- Active: 1976–present
- Country: Norway
- Agency: Norwegian Police Service
- Type: Police tactical unit
- Role: Counter-terrorism Law enforcement
- Common name: Delta

Commanders
- Current commander: Freddy Rotseth
- Notable commanders: Anders Snortheimsmoen

Notables
- Significant operation(s): Torp hostage crisis Kosovo War (Through Special Team Six) 2011 Norway attacks

= Delta (Norwegian police unit) =

Norwegian Police Tactical Unit

Beredskapstroppen ('Emergency Unit'), callsign "Delta", is the police tactical unit of the Norwegian Police Service. Its members are trained to perform dangerous operations such as high-risk arrests and hostage situations. It is organizationally part of Oslo Police District, but is responsible for the whole country, including oil installations in the North Sea.

The unit has participated in several incidents including the Torp hostage crisis at Sandefjord Airport, Torp on 29 September 1994, the aftermath of the NOKAS robbery and the 2011 Norway attacks. The members have a wider variety of weapons than the ordinary police force, including SIG Sauer P226 pistols and Diemaco C8 rifles. Members spend half their time training and preparing for missions and the remaining participating in ordinary law enforcement work in Oslo.

==History==

===Operations===
According to Delta's web site, they conduct in average almost one armed operation every day. In 2004, for instance, they conducted 422 armed missions and only fired their weapons twice.
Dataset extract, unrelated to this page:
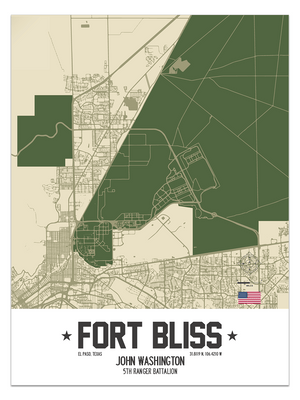 Fort Bliss, El Paso, Texas Map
One of Delta's most dramatic missions was the Torp hostage crisis, where an elderly couple and two police officers were taken hostages by two criminals. In the end of the two-day drama, Delta executed a rescue operation rescuing all of the hostages and killing one hostage taker and arresting the other. In the aftermath of the fatal NOKAS robbery, Delta arrested many suspects involved with the robbery. Since October 2006, Delta has focused their operations against gang crime in the capital of Oslo and arrested many criminals and seized many weapons used by the gangs.

====2011 Oslo / Utøya attacks====
Delta were first responders at Utøya and subsequently apprehended Anders Behring Breivik, the perpetrator of the 2011 Norway attacks in Oslo and Utøya on 22 July 2011.

====Deployment in Special Team Six====
Members of the unit have been deployed in Special Team Six (ST6), a multinational United Nations Interim Administration Mission in Kosovo (UNMIK) police tactical unit, many times. One of the unit's most important tasks was to arrest war criminals. According to one of the Delta operators, during a rescue mission, grenades and bullets flew over their heads while ST6 rescued 50-60 persons from furious Albanians. This incident was a rescue of United Nations personnel trapped in a building. ST6 was commanded by a Norwegian operator from Delta during this mission and during the period January–July 2004. Beredskapstroppen has had personnel deployed in ST6 ever since its foundation.

==Equipment==

- Weapons

- Heckler & Koch P30 semi-automatic pistol
- SIG Sauer P226 semi-automatic pistol
- SIG Sauer P320 semi-automatic pistol
- Heckler & Koch MP5 submachine gun
- Diemaco C8 assault rifle
- SCAR-H battle rifle
- SIG-Sauer SSG 3000 sniper rifle
- Barrett MRAD sniper rifle
- HK169 grenade launcher/less-lethal weapon
- Remington 870 pump-action shotgun for door breaching

- Vehicles

The unit frequently drove unmarked Mercedes Geländewagen, marked and unmarked Chevrolet Suburbans, Unmarked BMW X5s and marked and unmarked Volvo V70s. Delta has recently started utilizing new 2009 Mercedes MLs and armoured Toyota Landcruisers as a replacement for the older Volvo V70 and Chevrolet Suburban. Delta also has two Rigid-hulled inflatable boats. The type has three engines with a total of 675 HP. For air transport Delta mainly make use of military Bell 412 SP from the Royal Norwegian Air Force. In 2020 Delta adopted new unmarked Volvo XC90's for formal protection details.
- Other

The operators use a special type of visor on their helmets which can withstand 9mm bullets. The French National Gendarmerie Intervention Group also reportedly use this visor. The unit uses a gas mask with a closed system (rebreather). They use advanced equipment to determine the type of chemicals they are up against. Their uniforms differ from those normally worn by the men and women of the Norwegian Police Service; instead of the normal black pants and blue shirts they wear black jumpsuits.